━━━━━ Available data

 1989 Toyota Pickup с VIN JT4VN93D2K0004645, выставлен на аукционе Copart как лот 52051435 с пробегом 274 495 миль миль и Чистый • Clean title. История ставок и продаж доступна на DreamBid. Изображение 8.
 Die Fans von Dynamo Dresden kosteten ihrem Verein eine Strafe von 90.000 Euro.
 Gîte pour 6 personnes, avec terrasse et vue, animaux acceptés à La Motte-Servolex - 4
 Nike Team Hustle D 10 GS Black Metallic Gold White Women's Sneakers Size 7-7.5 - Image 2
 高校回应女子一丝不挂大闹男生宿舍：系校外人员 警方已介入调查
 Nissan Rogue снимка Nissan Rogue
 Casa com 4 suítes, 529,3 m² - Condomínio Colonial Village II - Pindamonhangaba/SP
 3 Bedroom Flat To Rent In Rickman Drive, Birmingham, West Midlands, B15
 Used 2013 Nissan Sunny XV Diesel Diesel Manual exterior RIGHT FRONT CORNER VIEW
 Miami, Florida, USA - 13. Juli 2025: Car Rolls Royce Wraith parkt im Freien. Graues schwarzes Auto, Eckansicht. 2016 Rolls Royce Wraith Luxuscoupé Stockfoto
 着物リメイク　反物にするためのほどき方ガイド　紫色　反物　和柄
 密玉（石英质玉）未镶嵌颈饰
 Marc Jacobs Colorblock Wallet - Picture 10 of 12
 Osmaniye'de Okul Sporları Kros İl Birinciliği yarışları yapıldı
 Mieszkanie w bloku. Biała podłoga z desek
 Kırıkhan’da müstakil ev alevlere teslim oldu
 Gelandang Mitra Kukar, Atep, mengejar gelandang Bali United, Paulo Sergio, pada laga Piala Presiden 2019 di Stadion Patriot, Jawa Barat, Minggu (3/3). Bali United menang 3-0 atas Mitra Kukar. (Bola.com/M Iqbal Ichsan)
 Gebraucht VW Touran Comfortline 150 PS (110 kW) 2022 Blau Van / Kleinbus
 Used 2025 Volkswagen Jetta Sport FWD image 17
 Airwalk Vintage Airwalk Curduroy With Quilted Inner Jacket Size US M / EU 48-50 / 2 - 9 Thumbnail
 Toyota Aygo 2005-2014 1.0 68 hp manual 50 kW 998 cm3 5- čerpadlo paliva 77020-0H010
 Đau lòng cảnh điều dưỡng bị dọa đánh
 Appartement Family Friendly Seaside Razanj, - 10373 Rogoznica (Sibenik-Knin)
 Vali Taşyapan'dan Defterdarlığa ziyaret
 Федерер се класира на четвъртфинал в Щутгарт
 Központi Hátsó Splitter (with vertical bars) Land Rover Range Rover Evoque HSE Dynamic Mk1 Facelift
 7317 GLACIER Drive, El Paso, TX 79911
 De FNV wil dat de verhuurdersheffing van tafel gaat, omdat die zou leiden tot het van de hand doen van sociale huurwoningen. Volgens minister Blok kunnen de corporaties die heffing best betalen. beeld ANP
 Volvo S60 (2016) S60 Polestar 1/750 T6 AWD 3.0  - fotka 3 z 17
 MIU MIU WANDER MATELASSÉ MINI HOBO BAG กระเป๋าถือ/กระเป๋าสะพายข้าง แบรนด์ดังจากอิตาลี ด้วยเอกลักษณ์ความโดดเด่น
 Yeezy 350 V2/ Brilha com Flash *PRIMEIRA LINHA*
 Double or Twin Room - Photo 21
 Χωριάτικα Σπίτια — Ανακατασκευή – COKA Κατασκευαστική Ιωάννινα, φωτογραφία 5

━━━━━━━━━━

To do —
Only the lines that hold the word "Drive" are wanted; each should be pulled from the records.

The answer —
 3 Bedroom Flat To Rent In Rickman Drive, Birmingham, West Midlands, B15
 7317 GLACIER Drive, El Paso, TX 79911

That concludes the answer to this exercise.